Canine CD1a protein models were generated using the Swiss Model Server with human CD1a (PDB code 1ONQ) as a template. The model was visualized using PyMol (pymol.sourceforge.net). The program APBS (Baker et al. 2001) was used to calculate the electrostatic surface potentials with electronegative in red and electropositive in blue (−30 to +30 kT/e).

Results

Characterization of the canine CD1 locus

The canine CD1 (canCD1) genes are located close to the telomeric end of chromosome 38 between 26.30 and 26.55 Mbp. The boundaries of the canCD1 locus are formed by the CD1-unrelated Kirrel and olfactory receptor gene group of which OR10T2 was the first gene adjacent to the CD1 locus.
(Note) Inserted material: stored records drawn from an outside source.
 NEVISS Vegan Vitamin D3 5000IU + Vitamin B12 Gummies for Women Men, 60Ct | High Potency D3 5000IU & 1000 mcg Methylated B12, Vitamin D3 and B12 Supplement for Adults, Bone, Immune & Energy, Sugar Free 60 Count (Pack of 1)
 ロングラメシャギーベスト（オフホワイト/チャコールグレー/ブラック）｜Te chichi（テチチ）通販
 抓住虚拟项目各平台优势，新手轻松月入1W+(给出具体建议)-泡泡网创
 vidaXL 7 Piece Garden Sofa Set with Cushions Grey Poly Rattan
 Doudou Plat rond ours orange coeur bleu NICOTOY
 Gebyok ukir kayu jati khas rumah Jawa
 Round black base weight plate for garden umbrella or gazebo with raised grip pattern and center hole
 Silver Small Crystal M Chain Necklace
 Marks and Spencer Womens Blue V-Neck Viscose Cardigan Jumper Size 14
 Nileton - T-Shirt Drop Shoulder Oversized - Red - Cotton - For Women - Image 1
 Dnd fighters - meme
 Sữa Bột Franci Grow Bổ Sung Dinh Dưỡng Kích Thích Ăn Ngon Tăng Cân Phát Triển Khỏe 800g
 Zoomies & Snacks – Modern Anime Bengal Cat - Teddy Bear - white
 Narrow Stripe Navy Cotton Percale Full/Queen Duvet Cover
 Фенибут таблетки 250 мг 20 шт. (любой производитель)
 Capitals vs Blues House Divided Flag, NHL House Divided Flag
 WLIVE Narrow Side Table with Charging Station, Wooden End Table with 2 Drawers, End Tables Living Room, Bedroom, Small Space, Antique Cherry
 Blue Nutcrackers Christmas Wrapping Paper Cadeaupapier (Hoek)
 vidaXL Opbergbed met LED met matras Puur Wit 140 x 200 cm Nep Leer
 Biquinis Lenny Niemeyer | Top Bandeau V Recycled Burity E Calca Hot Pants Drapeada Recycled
The canCD1 locus contains six gaps of 61–578 nucleotides, which are located between the CD1 genes, and one gap of 2,852 nucleotides that lies between base pairs 26,503,057 and 26,505,908 of which 75% of the nucleotide sequence was present in a draft sequence deposited by the Broad Institute (AC183576). The canCD1 locus consists of the following genes from the telomeric end to the centromere: one canCD1D gene, eight canCD1A genes, one canCD1C, one canCD1B, and one canCD1E gene (Fig. 1). The canine CD1 genes have the same orientation as human CD1 genes except for CD1B, which in the human CD1 locus has an opposite orientation compared to the other human CD1 isoforms.

Fig. 1
figure 1

Complete gene map of the canine CD1 locus located on chromosome 38. Full-length canine CD1 genes without characteristics of pseudogenes are given in bold. Pseudogenes are marked with Ψ. Exact location of CD1 genes: CD1D: unknown–26502267; CD1A1: 26479022–26477829; CD1A2: 26470445–26467658; CD1A3: 26452485–26449619; CD1A4: 26439630–26436644; CD1A5: 26418868–26416544; CD1A6: 26398237–26395316; CD1A7: 26378486–26375657; CD1A8: 26363063–26360148; CD1B: 26332684–26329120; CD1C: 26344187–26341100; CD1E: 26310804–26308062. Asterisk, The location of the allelic variant of CD1A8 is: 81854142–81857071 on an unknown chromosome (Ensemble)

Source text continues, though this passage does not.